_INSTRUCTIONS FOR THE TASK_
Return the data. Every word must match.

BEGIN MATERIAL PROVIDED

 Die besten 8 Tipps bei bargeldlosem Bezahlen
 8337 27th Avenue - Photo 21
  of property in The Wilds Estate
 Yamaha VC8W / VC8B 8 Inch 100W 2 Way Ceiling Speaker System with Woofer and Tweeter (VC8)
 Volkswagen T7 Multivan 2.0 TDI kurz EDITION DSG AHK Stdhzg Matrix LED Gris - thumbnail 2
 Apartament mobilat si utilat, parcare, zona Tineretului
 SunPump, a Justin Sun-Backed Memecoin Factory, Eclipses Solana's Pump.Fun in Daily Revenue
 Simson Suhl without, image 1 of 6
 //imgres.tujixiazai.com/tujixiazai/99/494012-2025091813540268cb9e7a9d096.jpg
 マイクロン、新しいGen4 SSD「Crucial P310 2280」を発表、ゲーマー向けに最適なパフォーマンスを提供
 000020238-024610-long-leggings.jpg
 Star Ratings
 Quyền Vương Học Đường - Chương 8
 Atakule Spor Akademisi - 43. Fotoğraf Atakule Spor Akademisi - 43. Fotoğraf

END MATERIAL PROVIDED

_FINAL ANSWER_
 Die besten 8 Tipps bei bargeldlosem Bezahlen
 8337 27th Avenue - Photo 21
  of property in The Wilds Estate
 Yamaha VC8W / VC8B 8 Inch 100W 2 Way Ceiling Speaker System with Woofer and Tweeter (VC8)
 Volkswagen T7 Multivan 2.0 TDI kurz EDITION DSG AHK Stdhzg Matrix LED Gris - thumbnail 2
 Apartament mobilat si utilat, parcare, zona Tineretului
 SunPump, a Justin Sun-Backed Memecoin Factory, Eclipses Solana's Pump.Fun in Daily Revenue
 Simson Suhl without, image 1 of 6
 //imgres.tujixiazai.com/tujixiazai/99/494012-2025091813540268cb9e7a9d096.jpg
 マイクロン、新しいGen4 SSD「Crucial P310 2280」を発表、ゲーマー向けに最適なパフォーマンスを提供
 000020238-024610-long-leggings.jpg
 Star Ratings
 Quyền Vương Học Đường - Chương 8
 Atakule Spor Akademisi - 43. Fotoğraf Atakule Spor Akademisi - 43. Fotoğraf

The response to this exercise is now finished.